The release factor refers to the fraction of the engineered nanomaterials contained in the product that can be released, in comparison to the amount of product used. This was the first time that nano-enabled products were identified and prioritised (qualitatively and quantitatively) according to their likelihood for nanopollution in Africa. The studies were conducted by a team of nanotechnology scientists from the CSIR, the University of Johannesburg, the Nelson Mandela University and the Sefako Makgatho Health Sciences University.
“Engineered nanomaterials are considered a case of contaminants of emerging concern because their environmental behaviour differs from their larger-sized counterparts and, thus, their risk management does not fit well into the existing environmental risk assessment frameworks,” explains CSIR senior researcher and study leader, Dr Melusi Thwala.
The studies were conducted to improve an understanding of the potential sources of engineered nanomaterials into the environment, under a consortium funded by the Department of Science and Technology. Products included in the study were limited to those containing engineered nanomaterials as indicated on the product label.

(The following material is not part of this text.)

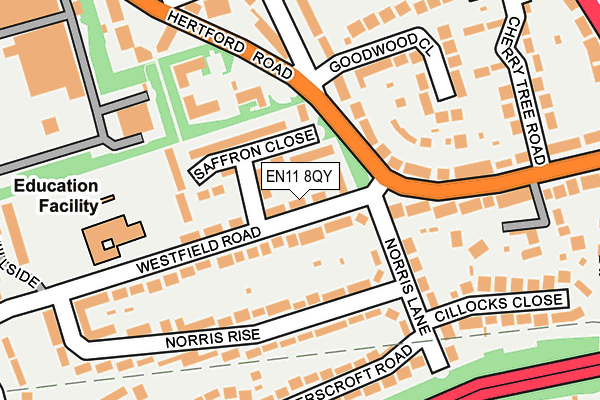 EN11 8QY map - OS OpenMap – Local (Ordnance Survey) EN11 8QY map - OS OpenMap – Local (Ordnance Survey)
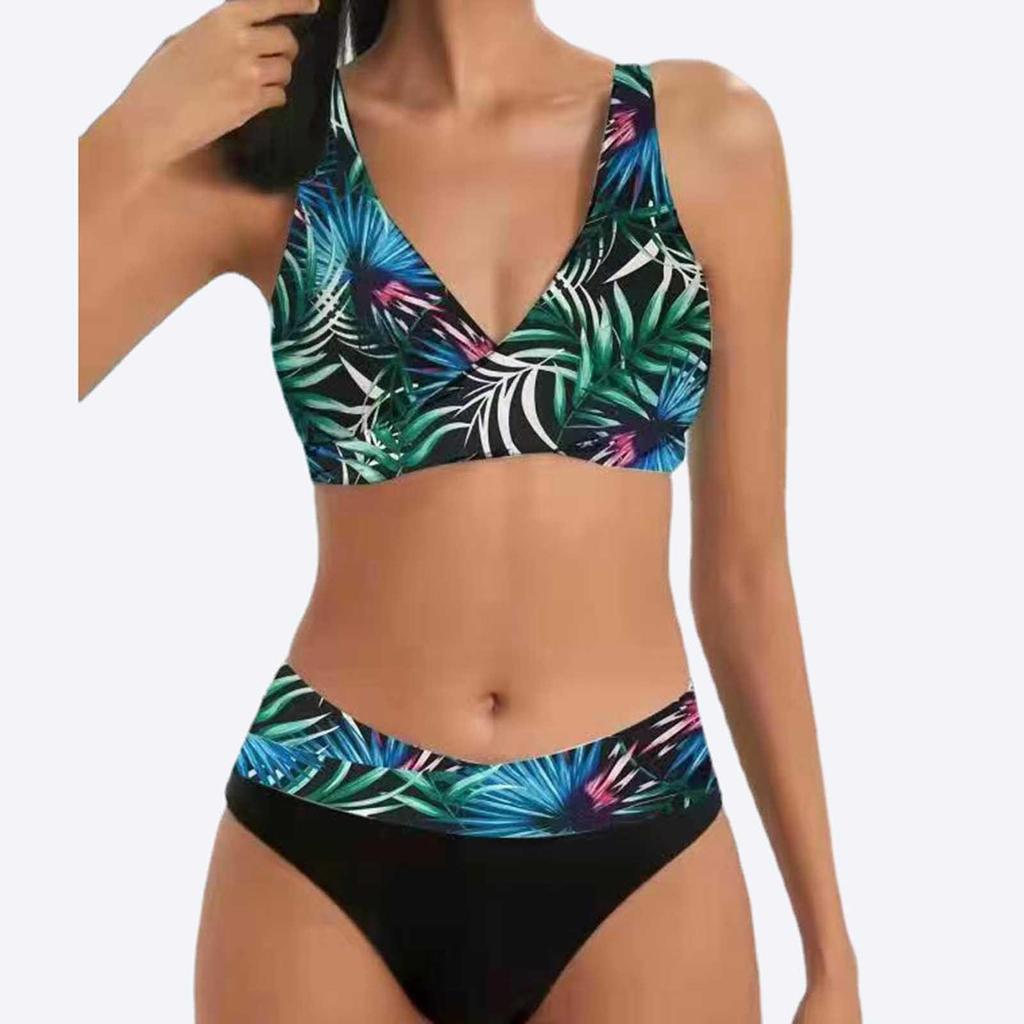 Women's Split Print Bikini Sexy Swimming Costume With Bra Pads And No Steel Bra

A total of 264 nano-enabled products were identified as containing engineered nanomaterials, spanning six product categories, namely health and fitness; electronics and computers; home and garden; appliances; automotive and food and beverage. The health and fitness category dominated, making up over half of the identified products.
Due to their prevalence in the market, sunscreens were analytically examined to determine the characteristics of the engineered nanomaterials they contain. In ongoing studies, the research team is examining beauty care, clothing and paint products. Sunscreen applications were simulated and showed that our wastewater systems are vulnerable to nanopollution.
Production and use of nano-enabled products are increasing, and experts are concerned about the increased likelihood of environmental release across the product lifecycle, predominantly during use and disposal, especially in light of the current information gaps, with respect to the implications of nanopollution.
Overall, the current findings indicate that most identified nano-enabled products, especially those in the health and fitness category, are likely to release engineered nanomaterials into the environment with relative ease, with water resources being the most likely immediate recipient and, thus, are a priority for South Africa. Concern is also expressed regarding over 90% of the identified products exhibiting a medium to high potential for nanopollution. It is recommended that South African authorities in the environmental regulation sector establish the means through which sources on nanopollution could be identified and their extant established. Where considerable environmental risks are identified, scientists and industrialists need to formulate mechanisms for risk reduction, for instance through safety-by-design approaches for the development of nano-enabled products, where hazardous characteristics of engineered nanomaterials are altered or replaced with greener alternatives.